ものを言えぬ野球選手・関係者と改革進まぬ野球界
 上にあげた松下氏の文章の最後にある「決して恐れる必要なはい」という言葉は意味深長で、何を恐れる必要がないと言いたいかと言えば、それは「高野連」であることは明らかである。この文章が書かれたにもかかわらず、しかし、事態は動かなかった。それはやはり「恐れ」があったためであろう。高野連は、国民的スポーツである野球の根幹である高校野球を牛耳り、特に春・夏の甲子園の大会を人質に取っていたのである。その中で、不祥事の発生による出場辞退の勧告から、応援団の応援の仕方、さらに大会時の宿泊旅館でのマスコミとの対応にまで口を出し、旅館の営業権にまで立ち入る権力を披瀝してきたのである。上の文章で下線を引いた部分は、今春の高野連批判に際して散々言い尽くされたことであった。

 このような権力構造の中で育った監督・部長はもちろん若い選手諸君は、「物言えば唇寒し」の感覚を持ち続けてきたのであろう。つまりは、揺るぎない縦社会の中にそれぞれがはめ込まれていると想像される。だから、ものを言うときには中井監督のように爆発するのであろうし、爆発させてもものを言えない若い生徒諸君は下級生に暴力を振るってストレス発散をするしかないのであろう。また、プロとアマとの関係を含めて最も古い体制を続けていると言われる野球界の改革がここ何十年か全く進まないのも、きちんと批判しつつ議論をしあう習慣を持った指導者層が、プロ野球選手会執行部の一部以外には全く育っていないからだと断言するしかないのである。

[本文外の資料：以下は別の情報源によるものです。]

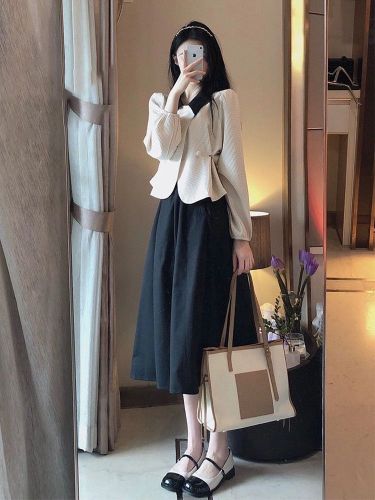 A complete set of autumn clothes, lady style, doll collar, belly covering, Korean style coat, half-length skirt, umbrella skirt, two-piece temperament suit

 大学や専門学校で学生の教育に関与してきた私が感じるのは、ほとんどの学生はものを言わないという事実である。若い人達がものを言うようになるには、ある種の「成功体験」が必要である。それは、自分の判断を言葉として発して相手に投げかけ、それによって物事をより深められた実感をもつ「成功経験」を重ねることで、自分を表現することの価値や楽しさを感じ取ってゆくのである。この「成功体験」はあらゆることが対象であり、野球を含めてスポーツに全力を傾けている若者であればあるほど、その場面においての「成功体験」が最も重要なものとなる。それが期待できない生活を送らざるを得ない若者は不幸である。だから、間違いと思われる審判の判定に対しては選手でも的確な抗議ができる体制と雰囲気が必要である。それは監督とて同様であるが、しかしいまの高野連の影響下ではそれは難しい(ところで、選手に大きな権力を持つ監督が指示や抗議のためなぜベンチから出られないのであろうか)。この「自己表現をさせない社会」という点に、日本社会の最も重要で構造的な問題があり、残念ながら安倍首相の教育論には見られない課題である。いまの教育の真の問題は、教育基本法だの、授業時間だのが問題ではなく、自分で議論し勉強してゆく楽しさを自覚出来る生徒・学生を育てるための施策である。それができればあとは自分でやれるのである。アメリカの学校では夏休みが三ヶ月もあるのはご存知だろう。

 私と私の家族が1982年に短期間ではあるがアメリカのカリフォルニアに移り住んだとき、隣に住んでいたスペイン系の4、5歳の可愛い女の子が娘と仲良くなって毎日のように遊びに来ていた。ある日、当時ヘビー・スモーカーであった私がタバコを吸うのを見てその女の子は、"Why don't you stop smoking?" (“おじちゃん、どうしてタバコを止めないの?”)と私に言ったのである。私の驚きと困惑は想像出来るであろう。また、息子たちが必死でやっていたサッカーチームでは、監督は必要最小限の指示をした後は選手たちの言い分を聞くのである。補欠であろうがレギュラーであろうが彼等は積極的に発言し続けるのである。親たちが変な応援をするようだとその応援の仕方にまで苦情を堂々と述べるのである。こんな風景を思い出していると、プロ野球やJリーグの試合を終わったあとのインタビューで、インタビュアーの内容のない質問と外国から来た助っ人たちの饒舌さとを思い出してしまう。
おわりに
 今朝、9月2日読売新聞朝刊をみて驚いた。大きく「送球 胸直撃、中3死亡」と出ていた。大阪府の有名なPL学園高校の野球グランドで同学園高校硬式野球部の練習に参加していた同学園中学3年の軟式野球部員が、左胸に送球を受け、意識を失い死亡したとの記事である。他の学校で過去にも同様のことがあったことから、多分、自動体外式除細動器(AED)が近くにあれば助かったであろうと思われ、その点で学園側に不備があったといわれても仕方がないであろう。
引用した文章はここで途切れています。